If you have performance problems and production incidents and you are unsure how to manage the underlying problems that cause them, consider borrowing a management technique used by many police and other civil government organizations called CompStat. CompStat is short for “Compare Statistics” and is based on four key components:
  1. Timely and accurate information or intelligence
  2. Rapid deployment of resources
  3. Effective tactics
  4. Relentless follow-up

I translate these key components for production application support as the following: 

1. Timely and accurate information
To be proactive and respond before a small problem becomes a big problem, you must have a way to detect problems. You need to see trends in performance and monitor failure rates. To properly prioritize response to problems, you need to know what functions are causing the most failures or lag in your system.

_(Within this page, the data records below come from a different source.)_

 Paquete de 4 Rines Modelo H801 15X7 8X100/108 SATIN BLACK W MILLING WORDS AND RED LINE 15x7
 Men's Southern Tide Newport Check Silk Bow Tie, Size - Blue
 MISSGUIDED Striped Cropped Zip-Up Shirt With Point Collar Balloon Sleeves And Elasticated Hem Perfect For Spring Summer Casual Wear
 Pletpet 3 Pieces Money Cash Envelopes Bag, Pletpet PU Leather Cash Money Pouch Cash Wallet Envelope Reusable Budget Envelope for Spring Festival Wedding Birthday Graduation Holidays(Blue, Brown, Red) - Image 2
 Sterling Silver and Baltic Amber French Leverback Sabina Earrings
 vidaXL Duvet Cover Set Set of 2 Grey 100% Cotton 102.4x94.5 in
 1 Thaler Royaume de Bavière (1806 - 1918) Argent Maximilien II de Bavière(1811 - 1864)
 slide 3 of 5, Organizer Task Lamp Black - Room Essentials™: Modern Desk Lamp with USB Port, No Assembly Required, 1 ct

A good application monitoring program can provide you the quantitative data you need to quickly identify problem areas that cause the most incidents and performance issues. Combining that quantitative data with the impact on your business or mission can give you a good idea of what to address first.

2. Rapid response
When you notice small performance problems, do they typically just magically disappear? Probably not. Small performance problems tend to become big performance problems as data and application usage grows. To prevent little problems from becoming big problems, respond quickly. To achieve system stability for your customers, you cannot stop at resolving the incident. You have to determine the underlying problems that lead to incidents and attack those problems with a sense of urgency.

3. Effective tactics, techniques and procedures
Are you able to employ resources to quickly isolate and resolve incidents? After resolving an incident consider documenting how it was isolated and investing in tools and methods to more quickly detect, isolate, and resolve the same class of problems in the future.

4. Relentless follow-up
Follow-up is the most easily forgotten component but is critical to successfully reducing problems in a system. If you deploy a change to resolve a problem and don’t validate that it actually resolved the problem, you will not know if your efforts are effective. Not following up on the effectiveness of a change can lead to moving on to solving lower priority problems when you have not actually resolved higher priority problems which might re-occur at inopportune times. Follow-up can reveal that there were multiple causes that lead to an incident, not just the one you fixed. After a investing time and money into fixing a problem, reporting the decline in incidents or increase in performance after the changes can help quantify the value provided by fixing problems and increase support for allocating resources to resolve production problems. After I deploy a change, I’ve gotten in the habit of not marking a user story done until after I’ve validated my fix has had the intended impact in production. I add a task to the story for post-deployment verification and set a calendar invite for myself to perform the task a week or two later -- however much time is needed to collect enough evidence to reasonably conclude the issue was fixed. Rushing to mark user stories done does not help quality or system stability. If you want a stable system, you have to follow up to ensure your changes are having the intended impact and not creating new problems.

Saturday, June 16, 2018

Managing Change the DOTMPLF Way


Most of us understand that if we run out one day and buy a cello, we won’t be able to play music like Yo-Yo Ma that same day. To be able to play something that resembles music you would need training, practice, and a safe place to store the cello. However, sometimes we don’t think about what’s necessary to achieve a new capability beyond just buying something like a new piece of software. To help understand the different types of changes that need to be made for successful technology injection, the US military uses the acronym DOTMLPF-P (pronounced Dot-M-L-P-F-P) that stands for Doctrine, Organization, Materiel, Leadership, Personnel, Facilities, and Policy.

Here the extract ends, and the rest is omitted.